Check if a number is int or float

Question

Use isinstance.

>>> x = 12
>>> isinstance(x, int)
True
>>> y = 12.0
>>> isinstance(y, float)
True

So:

>>> if isinstance(x, int):
        print 'x is a int!'

x is a int!

EDIT:

As pointed out, in case of long integers, the above won't work. So you need to do:

>>> x = 12L
>>> import numbers
>>> isinstance(x, numbers.Integral)
True
>>> isinstance(x, int)
False

I like @ninjagecko's answer the most.

This would also work:

for Python 2.x

isinstance(n, (int, long, float)) 

Python 3.x doesn't have long

isinstance(n, (int, float))

there is also type complex for complex numbers

One-liner:

isinstance(yourNumber, numbers.Real)

This avoids some problems:

>>> isinstance(99**10,int)
False

Demo:

>>> import numbers

>>> someInt = 10
>>> someLongInt = 100000L
>>> someFloat = 0.5

>>> isinstance(someInt, numbers.Real)
True
>>> isinstance(someLongInt, numbers.Real)
True
>>> isinstance(someFloat, numbers.Real)
True

It's easier to ask forgiveness than ask permission. Simply perform the operation. If it works, the object was of an acceptable, suitable, proper type. If the operation doesn't work, the object was not of a suitable type. Knowing the type rarely helps.
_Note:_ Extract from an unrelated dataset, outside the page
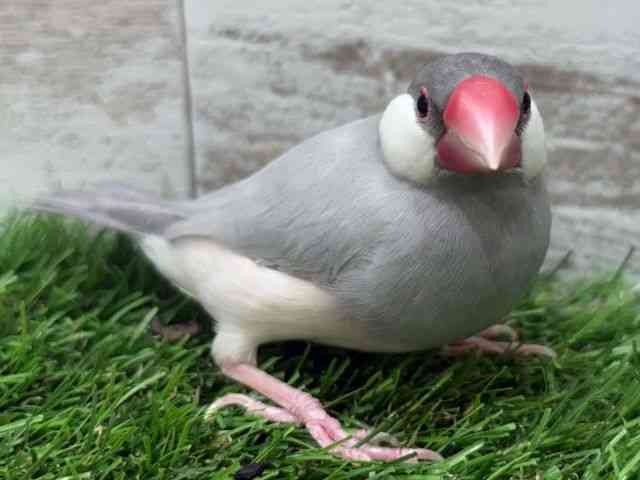 pet image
Simply attempt the operation and see if it works.

inNumber = somenumber
try:
    inNumberint = int(inNumber)
    print "this number is an int"
except ValueError:
    pass
try:
    inNumberfloat = float(inNumber)
    print "this number is a float"
except ValueError:
    pass

What you can do too is usingtype() Example:

if type(inNumber) == int : print "This number is an int"
elif type(inNumber) == float : print "This number is a float"

You can use modulo to determine if x is an integer numerically. The isinstance(x, int) method only determines if x is an integer by type:

def isInt(x):
    if x%1 == 0:
        print "X is an integer"
    else:
        print "X is not an integer"